Super helpful. And if I may, why was that patient enrolled in the first place? It looks like that was a patient that was supposed to be excluded. So wondering if you have any color on that. Thank you so much..
I don't have insight into that particular protocol violation, but the patient was indeed enrolled with knowledge of a prior DVT. My understanding, understanding this came after all the events were disclosed. .
And you can be certain that the investigators are now reminded that they shouldn't enroll patients with a previous history of DVTs. And I'm sure the label will reflect this once the drug is available in the market. .
Got it, thanks so much guys. Very helpful. .
The next question comes from the line of Ben Burnett from Stifel. .
Hi, this is Kelly O'Brien on for Ben Burnett. Thanks for taking the questions. I guess really fast maybe following up a little bit on a prior question.
But regarding the Fabry disease program, can you give us a sense of the range of follow-up time that the patients in the trial currently have, including both the ones previously on ERT and the ones who are naive. And then maybe how much follow-up time we could expect to see at the update that's expected in the second half of 2022. Thank you..
Certainly, we're happy to do that.
Bettina, can you give some color to that?.
Yes, absolutely. So we presented our Fabry data for the first few patients at World this year. And the patient -- the first patients were enrolled approximately more than -- definitely more than a year ago. The first 2 or 3 patients are now in the follow-up study, which means they are beyond 1 year follow-up.
So up to around 15 or 18 months of follow-up for the first patient and the last 2 patients or the patients enrolled in cohort 4.
So for cohort 4, the last patient has approximately 4 weeks, I would say, of follow-up, and we anticipate that data for these 9 patients, in particular, for the cohort 4 patients to be reviewed at an upcoming safety monitoring community meeting, and we plan to then share data at an upcoming meeting likely in early or later in this year. .
And the thing that's been most impressive between has been how sustained the levels of alpha-Gal have been in both patients on ERT and patients that are not near 2. .
Exactly. We're very pleased with the -- especially with the alpha-gal enzyme activity levels for these patients. And in fact, the safety and tolerability, as we've gone through this thoughtful dose escalation process has been very, very comforting. And so we look forward to sharing all of that data later this year. .
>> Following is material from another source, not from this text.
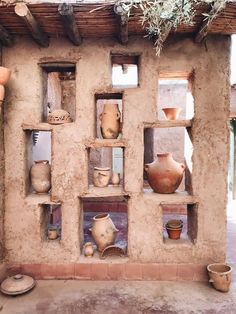 clay pots and vases are displayed on shelves in an adobe - style building,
Okay, thank you for the color. If you could also -- just a quick question on the sickle cell disease program. I know you dosed the fifth patient with an improved manufacturing method. I was wondering if you could elaborate a little bit exactly what those improved methods were at all. Thank you. .
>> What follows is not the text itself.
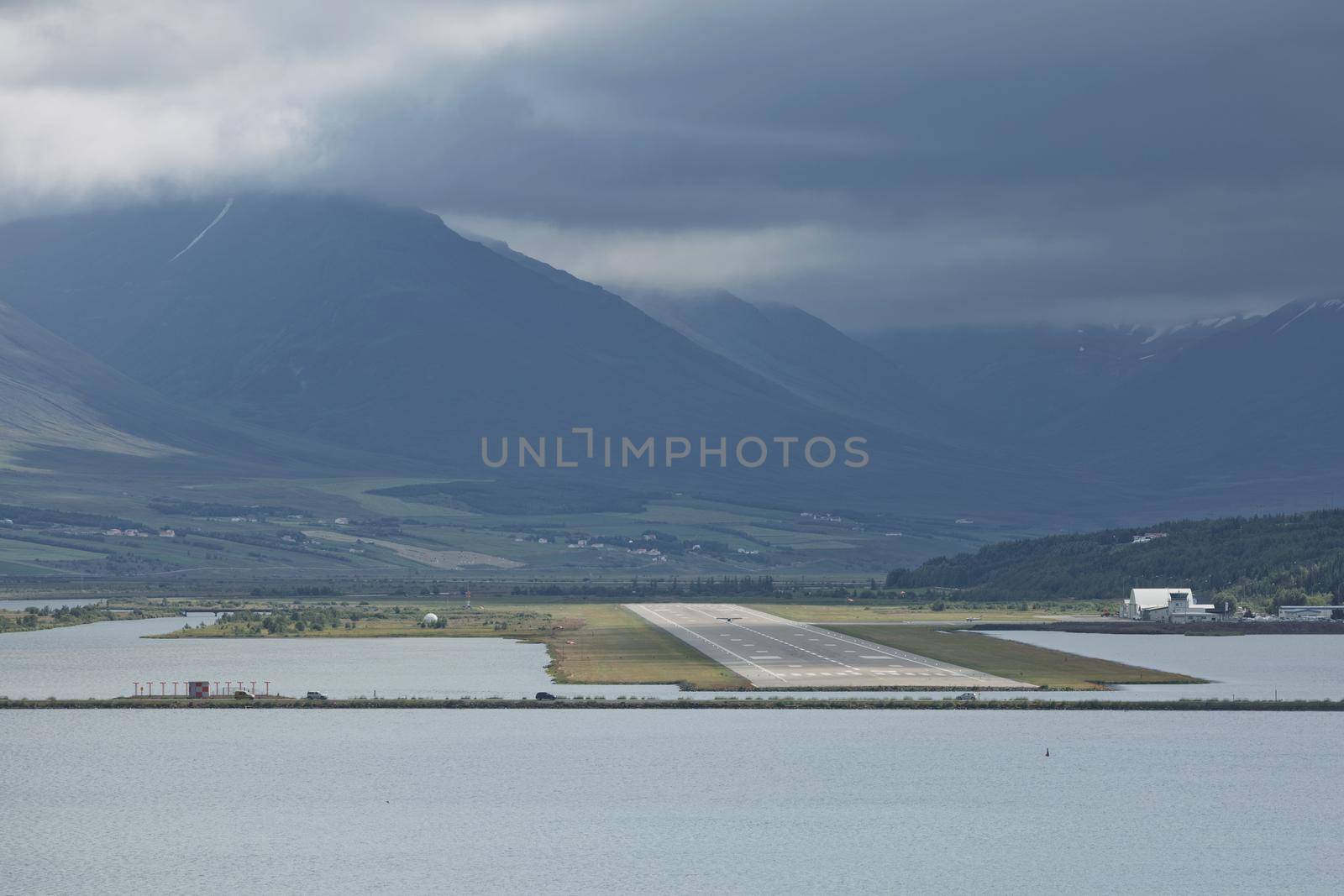 View from the end of runway at Akureyri airport in Iceland. A small plane is taking off.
We haven't been talking about that. We're very pleased that our friends at Sanofi had been working on that for some period of time now. And so this new patient is the new manufacturing method. So we're very careful that it's not a sufficient change to make it a new product.
But it maximizes the chance of long-term progenitors, which we think are essential for the engraftment and the production of hemoglobin F in the prevention of sickling events. .
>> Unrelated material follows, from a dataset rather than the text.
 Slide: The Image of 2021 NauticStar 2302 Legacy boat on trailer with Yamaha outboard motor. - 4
Awesome. Thank you so much for the question. .
Next question comes from the line of Greg Harrison from Bank of America. .
Great, thanks for taking my questions. On sickle cell program, what factors are driving your decision process on the future of this asset as you move forward, either on your own or with the new partner.
Where do you see the points of differentiation for your product?.
Mark, can you take this one?.
Sure. Yes. So obviously, our first priority right now is to complete the Phase I/II PRECIZN trial to try to get a sense of whether the new manufacturing process indeed has an effect on the clinical results. Obviously, we're cognizant that the competitors, including CRISPR, Vertex are guiding in terms of when they're planning on filing.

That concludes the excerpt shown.